> **STORED DATA**
☆ ☆ ☆ ☆ ☆ ☆ ☆
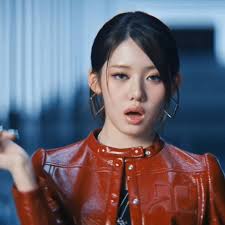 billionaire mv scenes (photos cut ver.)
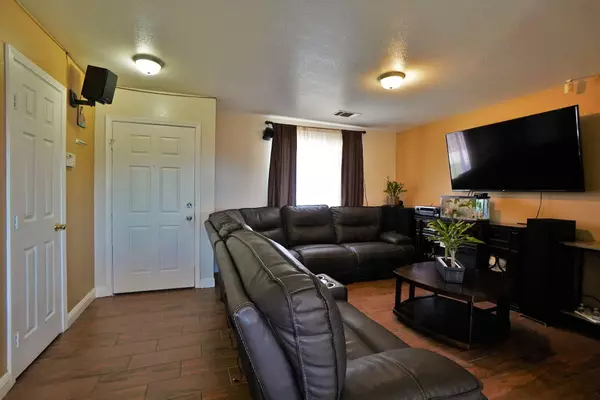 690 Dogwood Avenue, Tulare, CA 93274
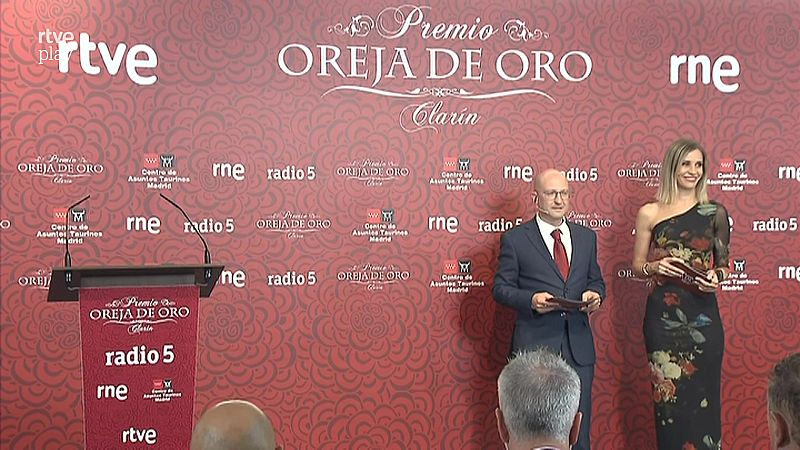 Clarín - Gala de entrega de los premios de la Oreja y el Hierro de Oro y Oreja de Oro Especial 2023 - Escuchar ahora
☆ ☆ ☆ ☆ ☆ ☆ ☆
> **EXERCISE**
Produce a verbatim copy of the listing, leaving out all pictures.

> **TASK OUTPUT**
 billionaire mv scenes (photos cut ver.)
 690 Dogwood Avenue, Tulare, CA 93274
 Clarín - Gala de entrega de los premios de la Oreja y el Hierro de Oro y Oreja de Oro Especial 2023 - Escuchar ahora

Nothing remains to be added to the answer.